While various other companies that could provide affordable broadband internet in underserved rural areas fight over costs and using each other’s property, SpaceX is steadily building its Starlink internet network in low Earth orbit. The company plans to finance its space program by offering reasonably priced broadband internet globally by deploying 4,409 internet beaming Starlink satellites, and back during the summer it outlined this plan in a letter sent to the Federal Communications Commission (FCC). As of earlier September, about 708 Starlink satellites are already in low Earth orbit.
“It looks like a UFO on a stick,” said Elon Musk, who owns the company, in describing the bulb-like antenna which is less than two yards in diameter and is a ground station.
In July, the FCC granted temporary authority to test some of these Starlink ground stations, and Baxley is reported to be one of the rural sites selected.

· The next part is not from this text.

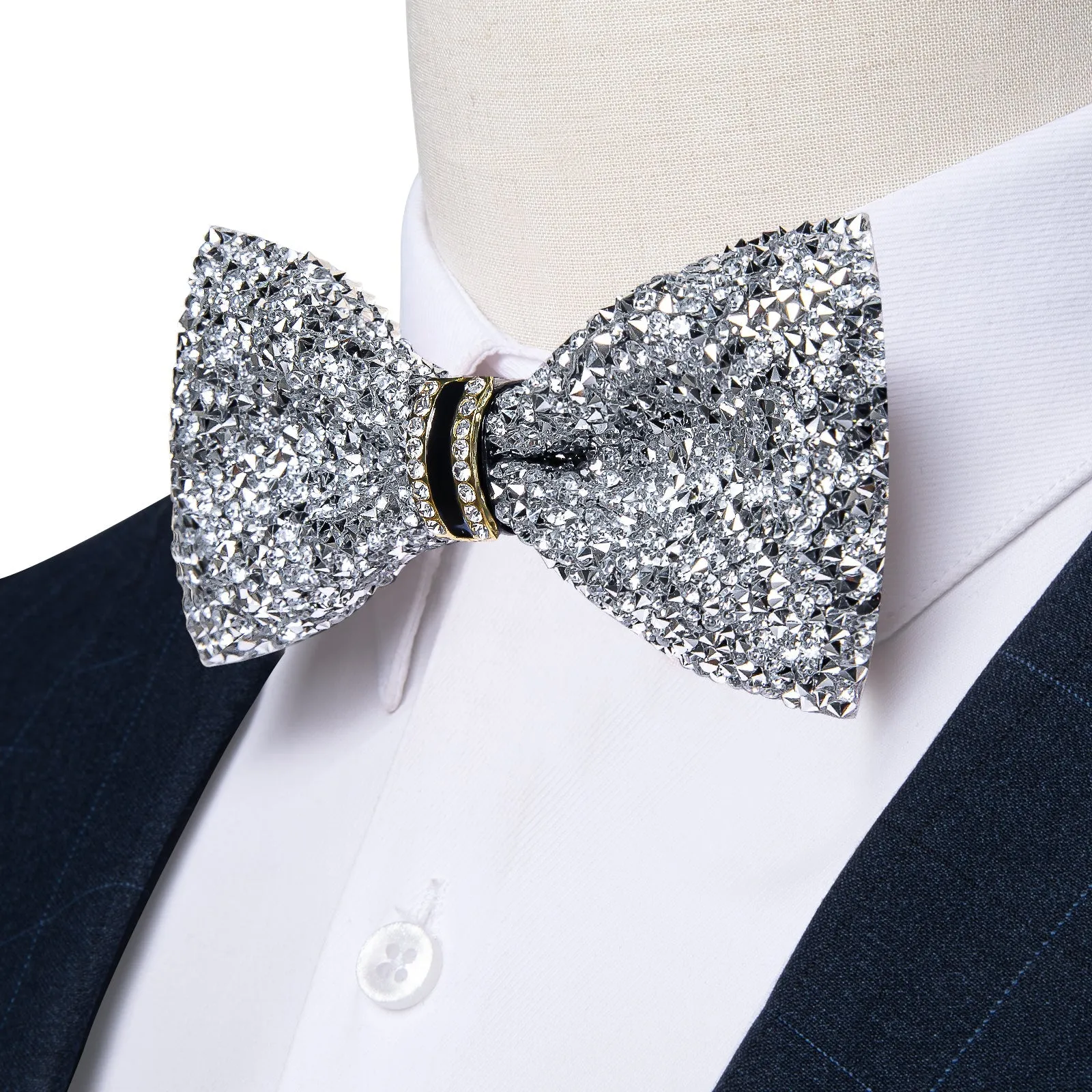 Sliver Imitated Crystal Men's Pre-tied Bowtie for Party sold by Ties2You product image thumbnail 2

The other five include Hitterdal, Minnesota - Tionesta, California - Robertsdale, Alabama – Butte/Conrad, Montana - Colburn, Idaho - Inman, Kansas - Vernon, Utah - Punta Gorda, Florida - Merrillan, Wisconsin - Boca Chica beach, Brownsville/Mcgregor, Texas. Eventually, SpaceX could have hundreds of stations all over the USA and eventually the world. The stations are set up to be the link between user terminals and the data center for the Starlink network. If Starlink works out as described by SpaceX founder Elon Musk, the aerospace company may bring in tens of billions of dollars per year by getting people online with high-speed, low-lag internet from almost anywhere on the planet’s surface.
Already, SpaceX employees are testing the Starlink network by using user terminals and Wi-Fi routers.
Senior Engineer Kate Tice says that they show download speeds greater than 100 megabits per second, which is low enough to play the fastest online video games. The download speeds are quick enough to stream multiple High-Density movies at the same time. At the beginning, Spacex will launch about 1600 Starlink satellites to about 340 miles above the earth. It has already sent 62 experimental and 480 operational satellites into space. It is trying to send up about 60 every two weeks.
Gwynne Shotwell, the president and chief operating officer of SpaceX, said in May that the company would “roll out service in a more public way” after launching more than 800 spacecraft; it plans to do so by fall 2020. The key is that the satellites will orbit about 64 times closer than a typical internet satellite and could be able to provide internet that doesn’t lag.
If SpaceX is able to prove its case to the FCC, billions in federal subsidies could be coming its way to provide internet to areas with poor or nonexistent broadband service. SpaceX plans to have its internet services available to the public by fall of 2021 or early the next year. (Info gathered from the SpaceX website).